There is a second aspect to cave spirituality in this psalm: we are given permission to lament with intensity, with loudness. Lament can oscillate between loudness and whimpers. Laments reflect the turbulence of the wounded and frightened heart: it is sometimes loud. Three times, in verses 1, 5, and 6, the psalmist uses the word “cry aloud” or “cry out.” We cry out with our voices, without hearts, and sometimes with wordless groans. Although we must reverence God, God gives us permission to be emotionally honest in his presence about how we feel—our hurt, our shock, our loneliness, our empuzzlement, our anger. Laments are loud because they come from deep within or wounded souls, they are deeply visceral—v. 2 “I pour out my complaint.” This is not whining, as Kidner states. It refers to “troubled thoughts.” Spirituality is not the denying of emotions but the owning of emotions in the presence of God. Spurgeon: “It is not merely words that you have to utter, you have to lay all your troubles before God. As a child tells its mother its griefs, tell the Lord ALL your griefs . . . tell them all out and great relief will come to your spirit.” But sometimes when our strength is spent being loud, our lament may spiral down into a whimper: “When my spirit grows faint within me, it is you who knows my way” (v. 3)!  Allow yourself words and sometimes no words. “Be gentle with yourself,” was some of the best advice I received in my own grieving journey. And be prepared for fatigue like you’ve never known it before. 

Spirituality is not the denying of emotions but the owning of emotions in the presence of God.Thirdly, lament has moments of lucidity when divine truth dawns on us, when the presence of Yahweh suddenly becomes real, when perspective returns. Though his spirit is still faint, David remembers that God knows his path from beginning to end; he knows what he can handle; he knows the end of the story: “When my spirit grows faint within me, it is you who know my way” (v. 3). Though still in the cave, he rediscovers that God is his safety, his refuge (v. 5). Though still crying out to God, it dawns on David that Yahweh is his portion (v. 5). As a fugitive he had lost his portion, but here in the midst of lament he becomes more deeply aware than ever before that God is his portion. God and not his role as king; God and not his popularity with the people; God, even when all his props have gone.

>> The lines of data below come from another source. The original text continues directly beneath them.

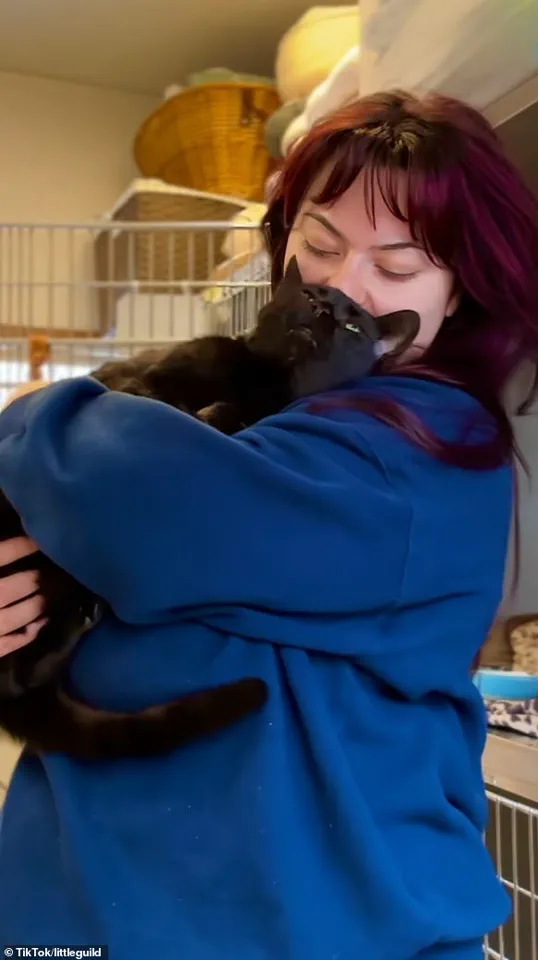 The Surprising Reason Why This Cat Was Surrendered to an Animal Shelter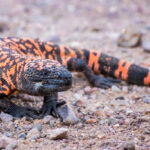 Classification of Heloderma (Gilla Monster)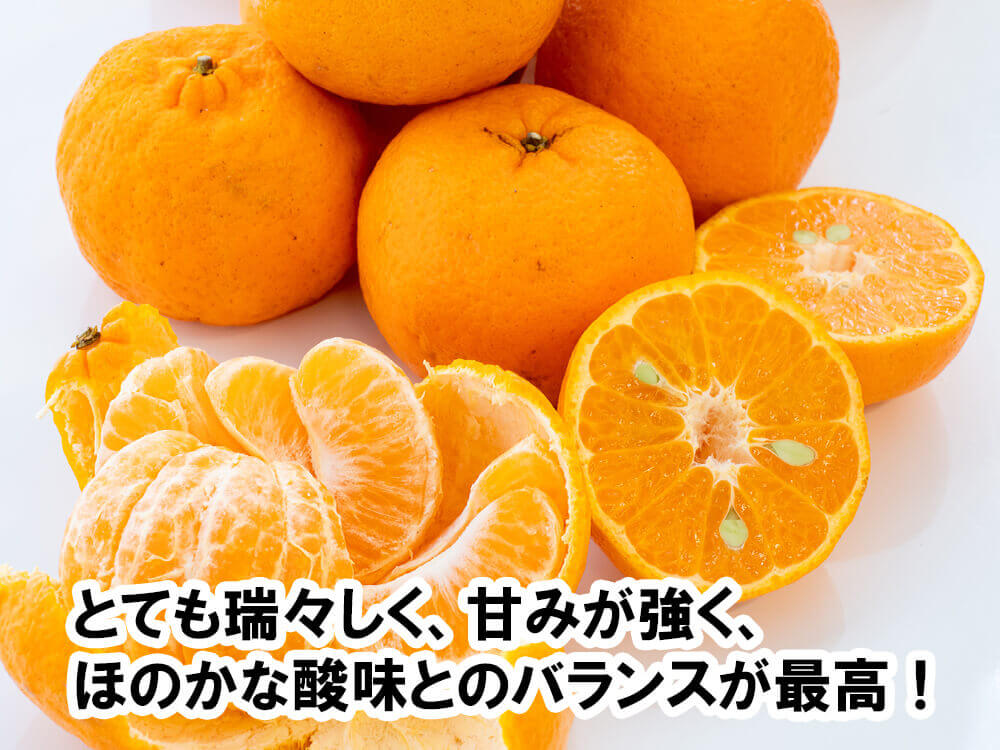 今季受付終了】サイズ混合 甘くておいしい有機ポンカン 2.5kg/5kg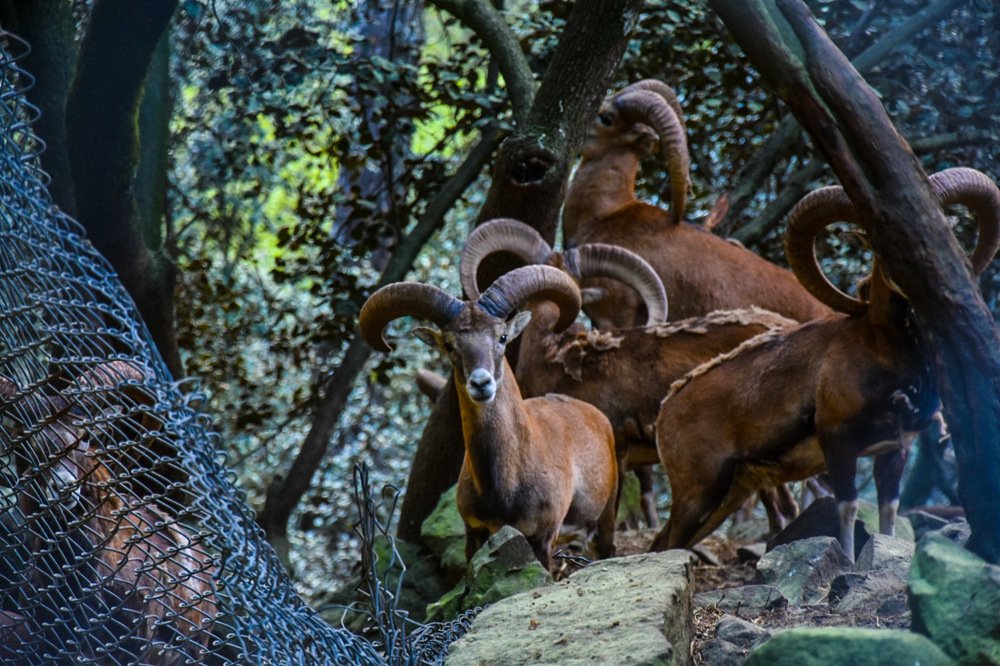 Photograph by Petros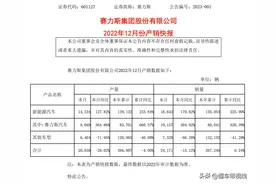 数读 | 赛力斯集团全年销量接近27万辆，AITO问界交付量突破7.5万辆图片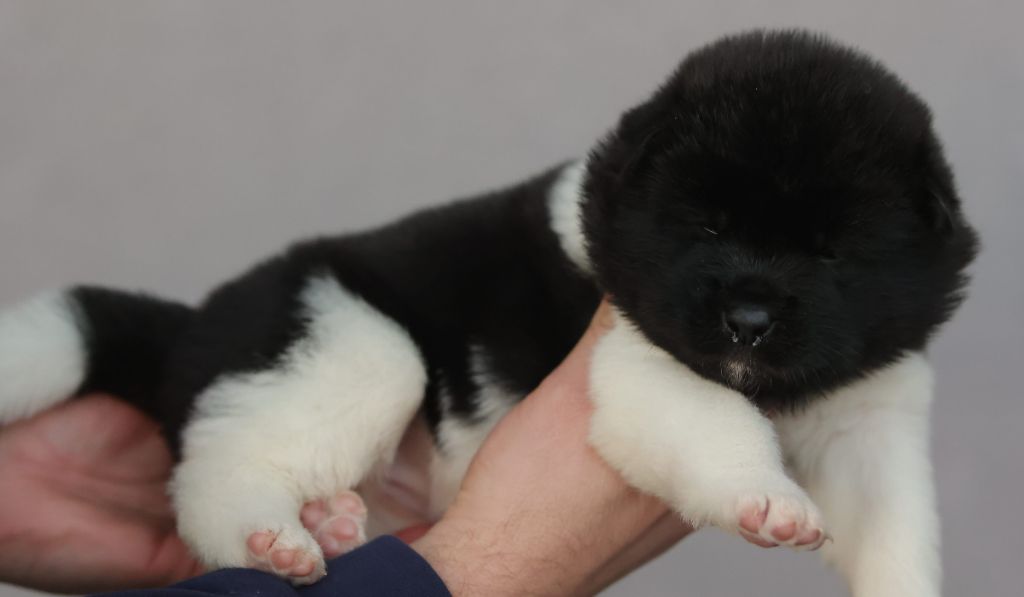 kazan no - Chiot disponible  - Akita americain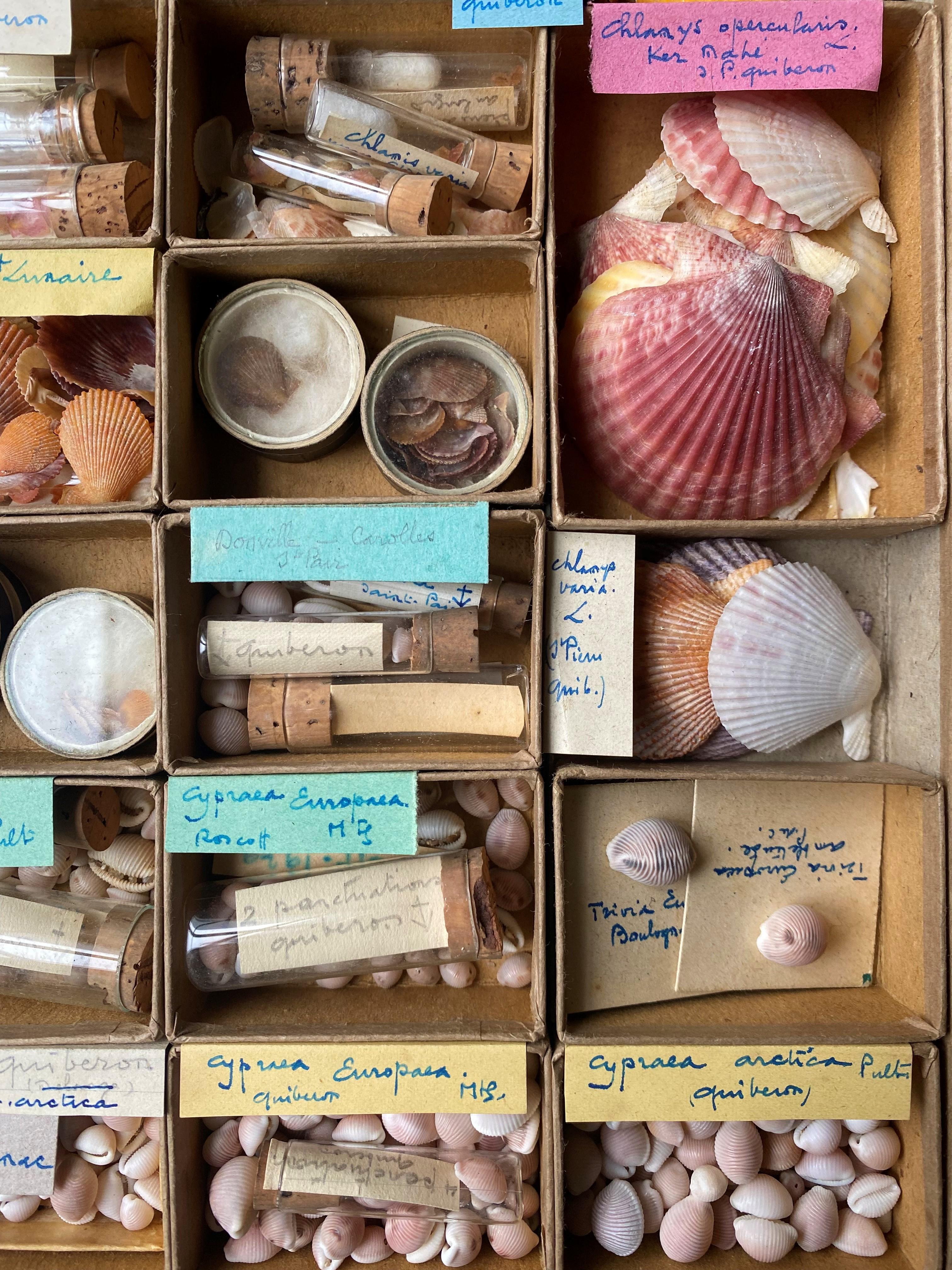 Curiosity Cabinet Naturalism Collection of Shells circa 1900 2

Though still in the cave, something else dawns on him: along with the realization that Yahweh is his God, comes the further realization that God’s community is there for him (v. 7). Kidner comments: “In the event, it seems that God answered abundantly, soon sending David's "brothers and all his father's house" to join him in his cave, and then by degrees a company that would become the nucleus of his kingdom (1 Sam. 22:1f.). This low ebb in his fortunes proved in fact to be a turning point. In new covenant territory, we have Christ and Christ has us, and with him every spiritual blessing, including his church, his community of care. Though still with a great sense of vulnerability, David ends this lament in praise (v. 7). The psalm moves from complaint in verse 1 to praise in verse 7; from isolation in verse 4 to community in verse 7. Not praise for the trial, but praise somehow within it.

May you find the courage for lonely and communal, loud and quiet lament, and may lucidity penetrate the mystery from time to time.